*** Data supplied Section Begins ***

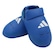 Protetor de Pé para Caneleira adidas Karate WKF AZUL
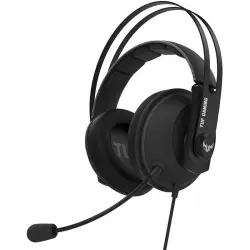 ASUS TUF Gaming H7 Auriculares Gaming Negros
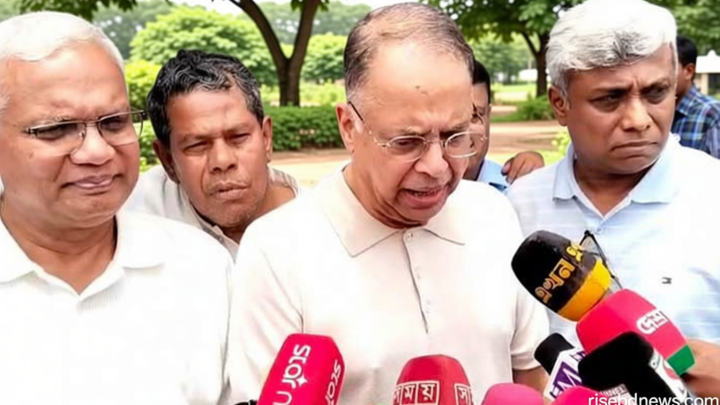 ‘ফ্যাসিস্ট সরকার দেশীয় সম্পদ অবহেলা করে ইমপোর্টের ব্যবস্থা করেছিল’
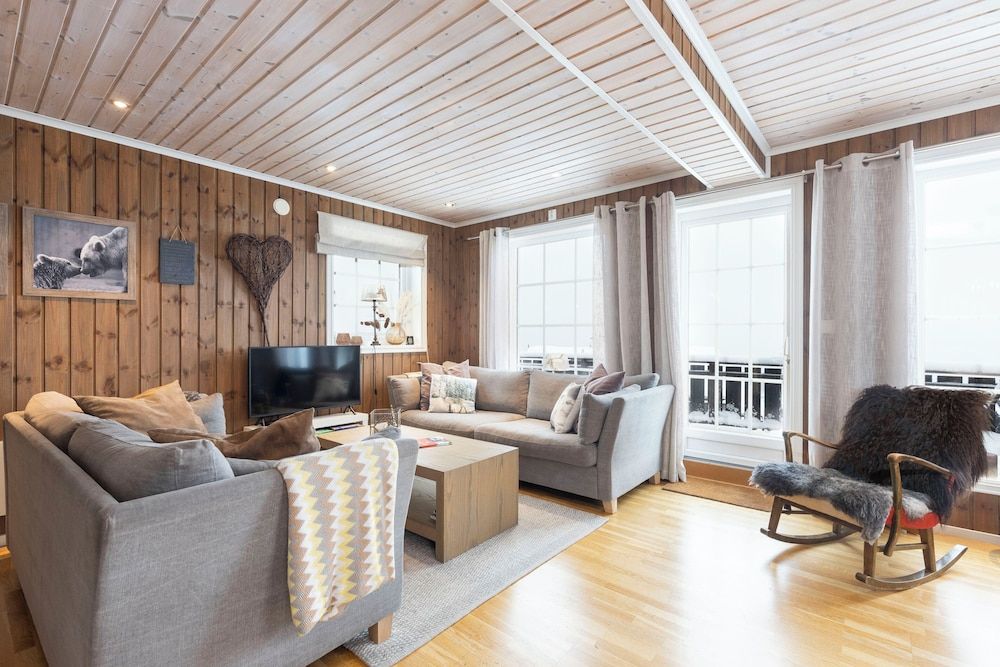 Bild von Holtarvegen 253 - Cabin 8 pers - Location Holtardalen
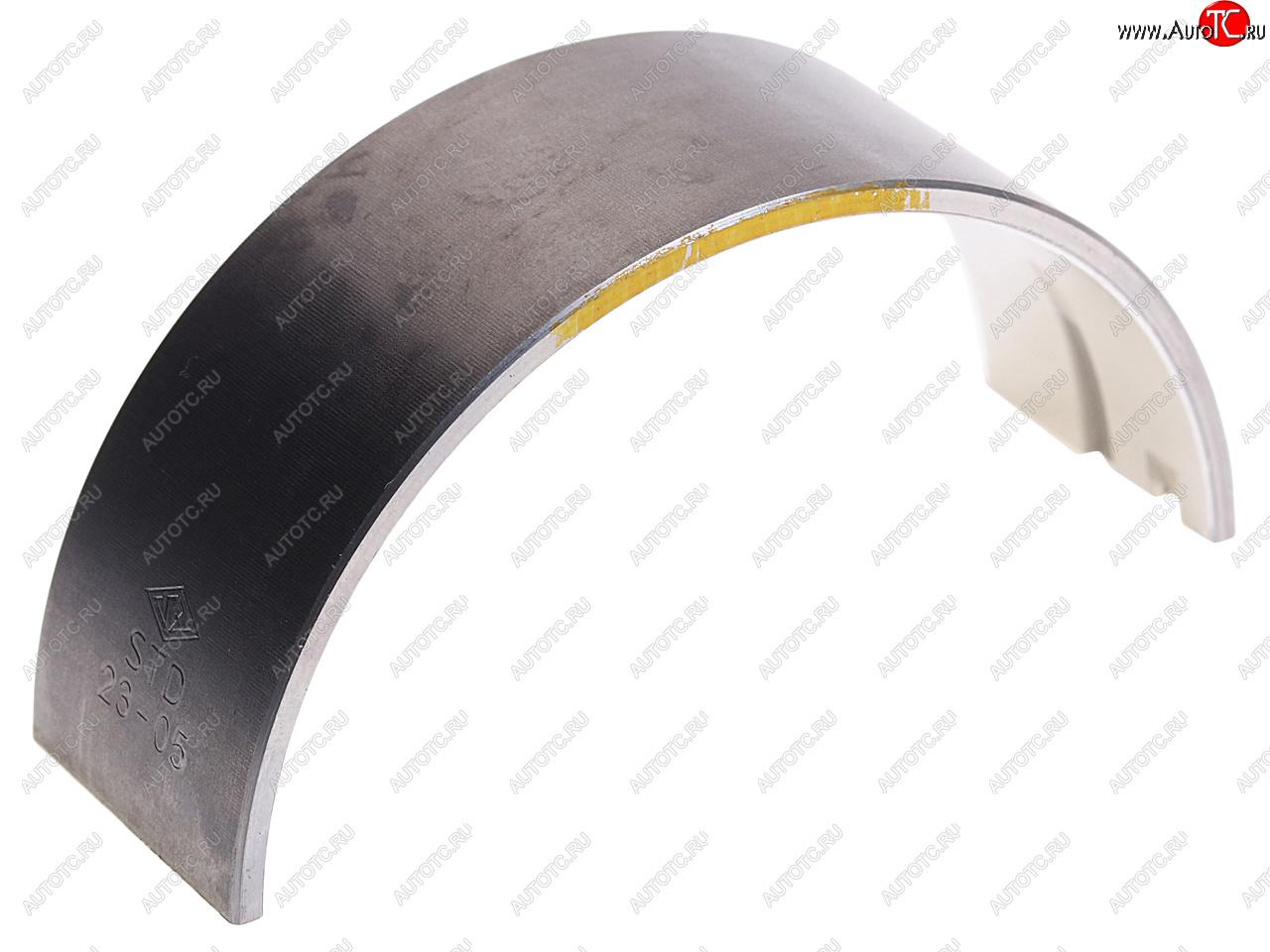 216 р. Вкладыши JAC T6 коренные d+0.00 (1шт.) нижние OE JAC 1002114ga  с доставкой в г. Майкоп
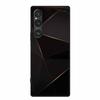 Etui na Sony Xperia 1 VI, luksusowe, miękkie silikonowe etui z TPU na tył telefonu Sony Xperia 1 VI 5G, urocze, odporne na wstrząsy, z motywem kwiatów i kreskówek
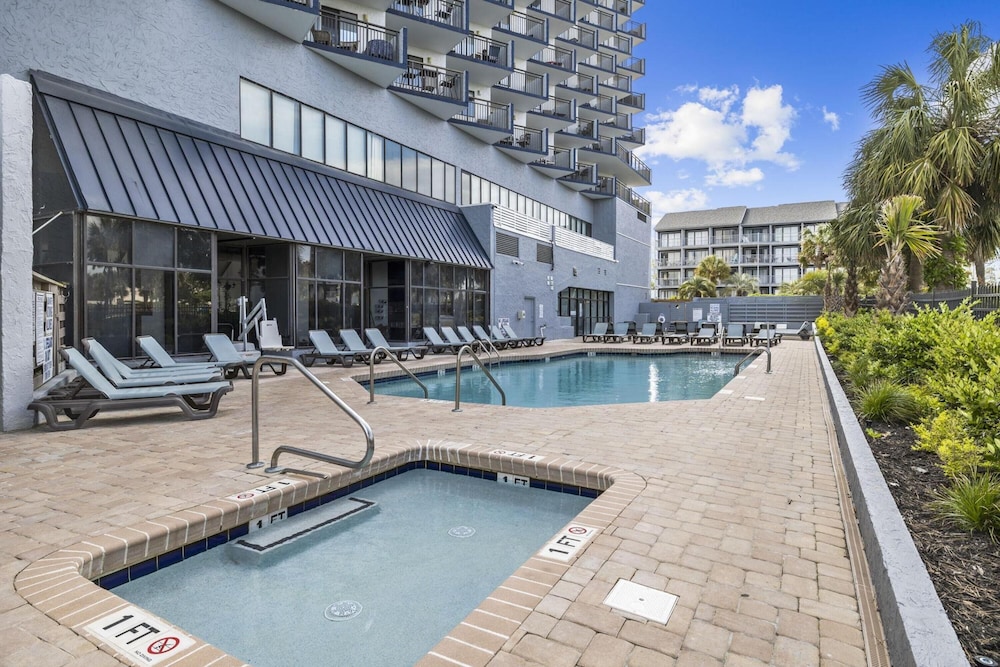 Bluewater Resort 403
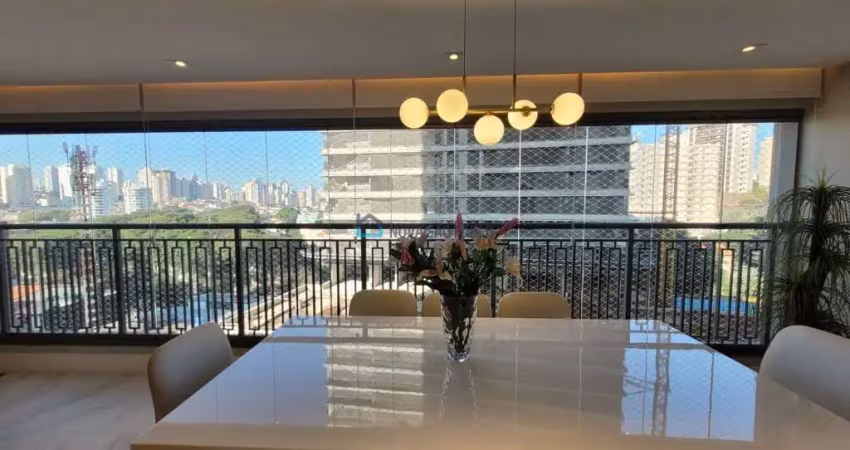 Vendo apartamento bairro chácara klabin  123 m² 3 suítes 2 vagas
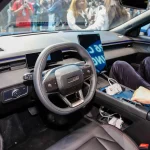 OMODA O4 Bawa AI Cockpit, Kabin Mobil Pintar Belajar Kebiasaan Pemilik, Membuat Pengalaman Berkendara Lebih Personal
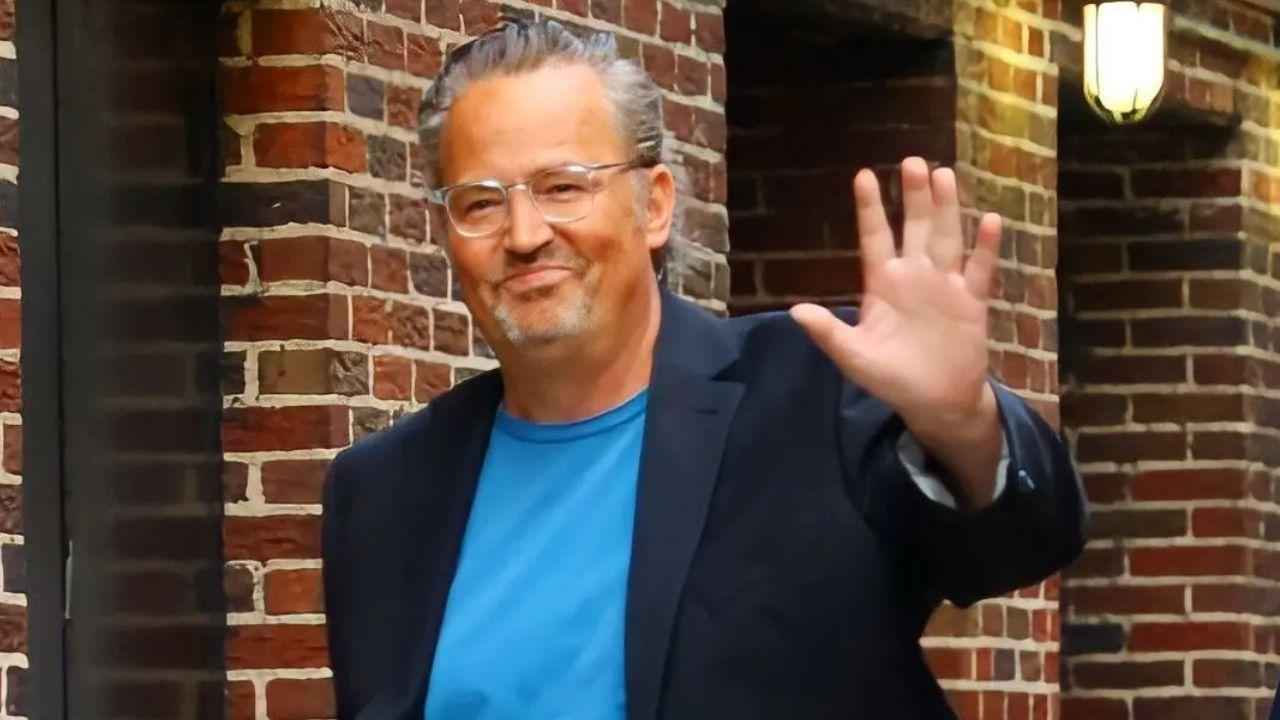 image of Matthew Perry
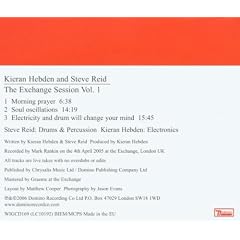 The Exchange Session 1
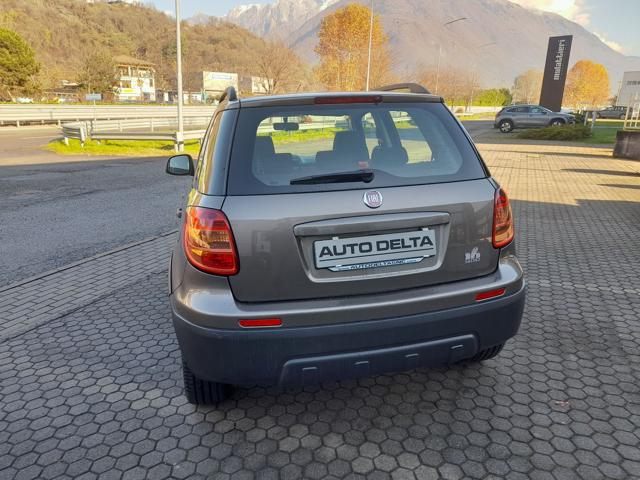 FIAT Sedici usata, con Autoradio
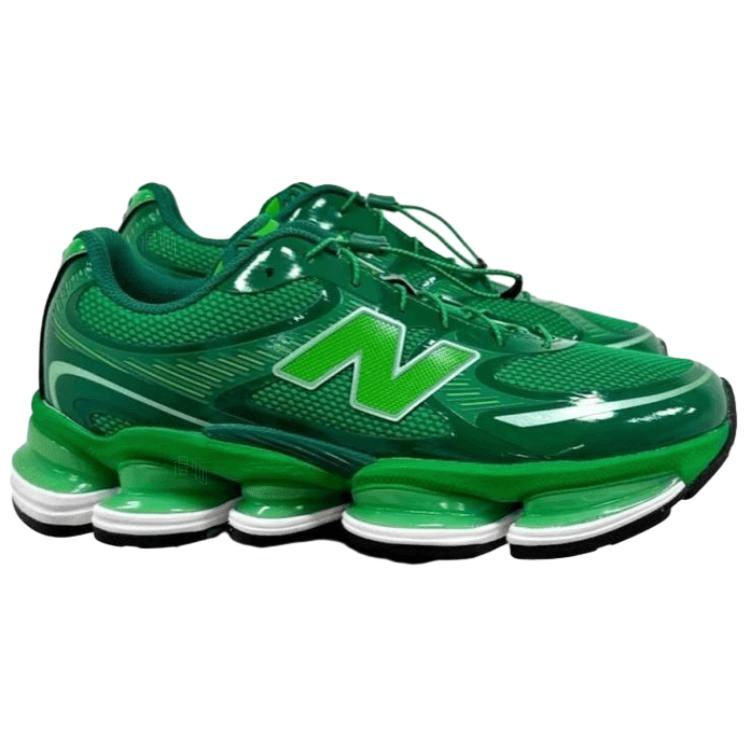 New Balance ABZORB 2000 Biblioteca Green — фото 2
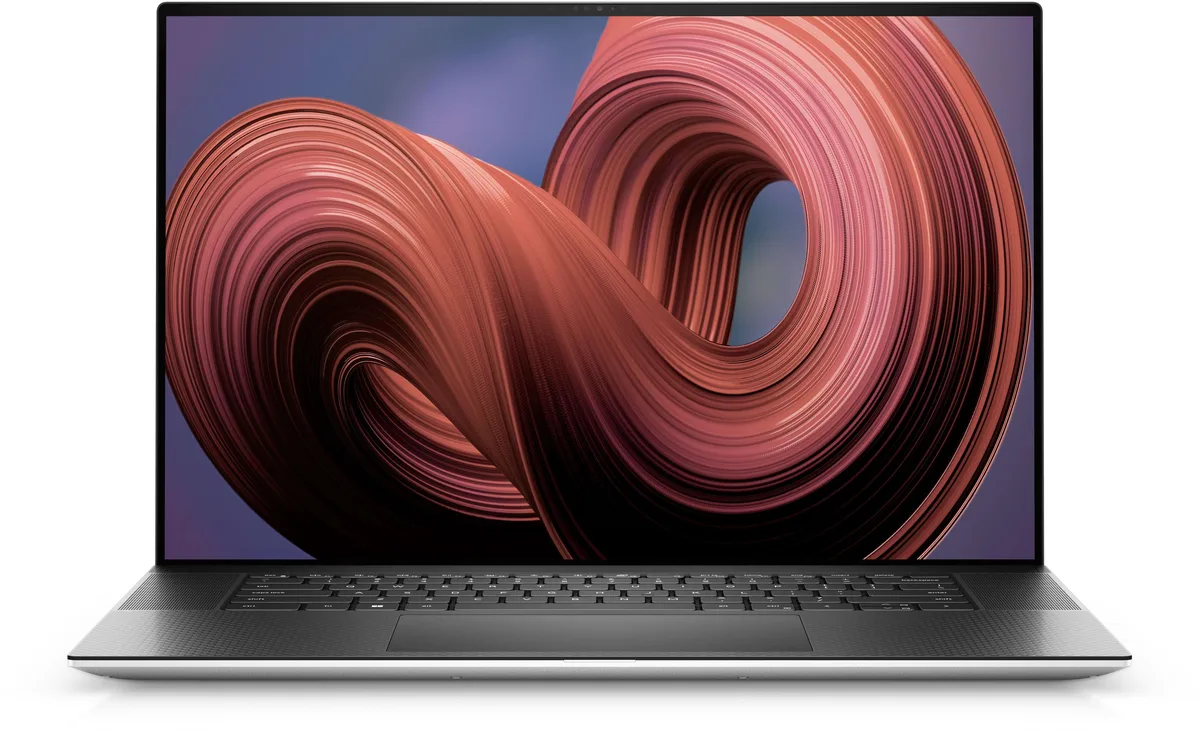 DELL DELL XPS 9730 laptop 17" 3840x2400 i7-13700H 32GB 960GB RTX 4070 Silver — photo du produit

*** Data supplied Section Ends ***

**Your goal**. The answer must be an exact copy of the lines from the one containing "FIAT Sedici usata, con Autoradio" through the last line of the records, and nothing else. Pictures do not belong in it.

**Written answer**.
 FIAT Sedici usata, con Autoradio
 New Balance ABZORB 2000 Biblioteca Green — фото 2
 DELL DELL XPS 9730 laptop 17" 3840x2400 i7-13700H 32GB 960GB RTX 4070 Silver — photo du produit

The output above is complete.